In several embodiments provided herein, it should be understood that disclosed systems, devices and methods, it can be with
It realizes by another way.For example, the apparatus embodiments described above are merely exemplary, for example, the unit
It divides, only a kind of logical function partition, there may be another division manner in actual implementation, such as multiple units or components
It can be combined or can be integrated into another system, or some features can be ignored or not executed.Another point, it is shown or
The mutual coupling, direct-coupling or communication connection discussed can be through some interfaces, the indirect coupling of device or unit
It closes or communicates to connect, can be electrical property, mechanical or other forms.
The unit as illustrated by the separation member may or may not be physically separated, aobvious as unit
The component shown may or may not be physical unit, it can and it is in one place, or may be distributed over multiple
In network unit.It can select some or all of unit therein according to the actual needs to realize the mesh of this embodiment scheme
's.
It, can also be in addition, each functional unit in each embodiment of the application can integrate in one processing unit
It is that each unit physically exists alone, can also be integrated in one unit with two or more units.

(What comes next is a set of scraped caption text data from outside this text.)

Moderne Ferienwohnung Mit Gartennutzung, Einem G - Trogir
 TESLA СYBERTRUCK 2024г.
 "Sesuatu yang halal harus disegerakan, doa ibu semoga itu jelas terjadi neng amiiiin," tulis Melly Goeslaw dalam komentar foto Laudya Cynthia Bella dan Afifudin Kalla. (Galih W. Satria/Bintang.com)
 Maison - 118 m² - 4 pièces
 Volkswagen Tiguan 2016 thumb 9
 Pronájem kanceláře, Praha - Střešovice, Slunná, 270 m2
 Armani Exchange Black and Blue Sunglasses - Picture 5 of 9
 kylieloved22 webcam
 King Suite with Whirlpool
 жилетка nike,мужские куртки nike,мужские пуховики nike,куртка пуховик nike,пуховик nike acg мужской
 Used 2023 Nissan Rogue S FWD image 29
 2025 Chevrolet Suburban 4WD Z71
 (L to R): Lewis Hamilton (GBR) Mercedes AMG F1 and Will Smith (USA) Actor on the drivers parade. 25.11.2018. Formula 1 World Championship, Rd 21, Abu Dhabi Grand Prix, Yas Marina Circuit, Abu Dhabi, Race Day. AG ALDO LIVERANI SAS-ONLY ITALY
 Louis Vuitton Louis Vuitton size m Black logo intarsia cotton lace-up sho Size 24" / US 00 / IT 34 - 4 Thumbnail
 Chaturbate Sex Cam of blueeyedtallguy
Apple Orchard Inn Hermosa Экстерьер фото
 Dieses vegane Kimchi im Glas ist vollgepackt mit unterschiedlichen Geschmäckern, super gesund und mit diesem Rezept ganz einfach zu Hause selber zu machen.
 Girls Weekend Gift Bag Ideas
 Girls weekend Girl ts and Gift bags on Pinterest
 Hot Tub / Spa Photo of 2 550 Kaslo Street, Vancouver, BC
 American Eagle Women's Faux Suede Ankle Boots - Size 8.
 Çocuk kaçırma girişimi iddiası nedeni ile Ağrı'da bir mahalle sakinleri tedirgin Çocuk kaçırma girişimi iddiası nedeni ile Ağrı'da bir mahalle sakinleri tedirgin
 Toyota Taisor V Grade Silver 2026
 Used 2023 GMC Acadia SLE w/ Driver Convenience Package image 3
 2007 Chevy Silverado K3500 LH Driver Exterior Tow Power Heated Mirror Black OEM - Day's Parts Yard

It, can be with if the function is realized in the form of SFU software functional unit and when sold or used as an independent product
It is stored in a computer readable storage medium.Based on this understanding, the technical solution of the application is substantially in other words
The part of the part that contributes to existing technology or the technical solution can be embodied in the form of software products, the meter
Calculation machine software product is stored in a storage medium, including some instructions are used so that a computer equipment (can be a
People's computer, server or network equipment etc.) execute each embodiment the method for the application all or part of the steps.
And storage medium above-mentioned includes: that USB flash disk, mobile hard disk, read-only memory (read-only memory, ROM), arbitrary access are deposited
The various media that can store program code such as reservoir (random access memory, RAM), magnetic or disk.
The above, the only specific embodiment of the application, but the protection scope of the application is not limited thereto, it is any
Those familiar with the art within the technical scope of the present application, can easily think of the change or the replacement, and should all contain
Lid is within the scope of protection of this application.Therefore, the protection scope of the application should be based on the protection scope of the described claims.